Panama, the Latin American country with the most economic growth


News from Panama / Friday, December 15th, 2023

According to the information provided by the Economic Commission for Latin America and the Caribbean (ECLAC), Panama is the fastest growing economy in Latin America throughout 2023. However, the economies of the region continued to slow down this year and the prospects for next year are not encouraging.

This year it will close with a modest growth of 2.2% of the regional Gross Domestic Product and by 2024 it is projected to be 1.9%, according to the Preliminary Balance of the Economies of Latin America and the Caribbean of 2023.

ECLAC revealed the perspectives included in its report during a press conference held at its headquarters in Santiago, Chile, and transmitted virtually on its social networks at a time when the region faces an unfavorable international economic context in which numerous countries have implemented restrictive monetary policies.

Although the current international context has an impact, ECLAC warned that the slowdown in Latin America takes years.

While between 1951 and 1979 the regional GDP grew at an average of more than 5% per year, between 1980 and 2009 it grew at less than 3% per year and between 2010 and 2024 at an average of 1.6% per year, ECLAC said.

GDP per person, for example, will only recover in 2023 from the level of 2013.

To contain inflation, the most developed countries in the world, including the United States, which is Latin America’s main trading partner, drastically raised interest rates by restricting access to financing and cooling the world’s main economies when they were just taking off after the paralysis caused by the coronavirus pandemic.

The unfavorable external scenario also includes a stagnation of world trade in goods.

The world economy is expected to grow 3% in 2023 and 2.9% in 2024, below the historical average of 3.8% recorded between 2000 and 2019. The United States Federal Reserve estimates that its country’s economy will expand by a modest 1.4% in 2024 and 1.8% in 2025. China, which is the second trading partner in the region, projects growth of 5% this year and 4.2% in 2024, slightly below what it anticipated in the middle of the year although above 3% in 2022.

Although inflation has decreased in a large part of developed countries, their interest rates have not yet been reduced. Consequently, the difficulties of access to financing are expected to continue next year.

At the end of 2023, all Latin American subregions will show lower growth compared to 2022: South America will grow by 1.5% (3.8% in 2022), Central America and Mexico by 3.5% (4.1% in 2022) and the Caribbean (excluding Guyana) by 3.4% (6.4% in 2022), according to ECLAC.

By 2024, the slowdown will continue: South America would grow by 1.4%, Central America and Mexico by 2.7% and the Caribbean by 2.6%.

Argentina and Haiti are the only countries in the region that this year will have negative growth: -2.5% and -1.8%, respectively. By 2024 both will improve, although the South American nation will still have a negative growth of -1%, according to ECLAC forecasts. Haiti will grow by 1% next year.

Chile was on the verge of recession, with a modest growth of 0.1% in 2023 and 1.9% predicted for next year.

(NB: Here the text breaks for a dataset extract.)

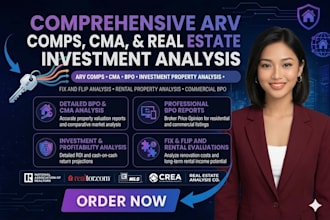 do arv comps cma bpo investment property analysis fix and flip rental analysis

In Latin America, Panama was the one that grew the most in 2023, 6.1%, followed by Costa Rica, with 4.9%. Brazil grew by 3% and is expected to fall to 1.6% in 2024; Colombia by 0.9% that would rise to 1.7% in 2024 and Mexico by 3.6% and 2.5% predicted for next year.

As for occupancy, the regional economic organization expects that at the end of 2023 it has grown by 1.4%, equivalent to a reduction of four percentage points compared to 5.4% in 2022. That better job creation will continue in 2024, with an estimated growth of just 1%.

Inflation, meanwhile, fell from a peak of 8.2% in November 2022 to a regional average of 3.8% in 2003. For next year it is expected to be 3.2% although there are countries such as Brazil, Chile, Paraguay and Peru that have managed to take it to a range that is within their goals and others such as Mexico, Colombia and Jamaica that could even see a rise in the coming months, ECLAC said.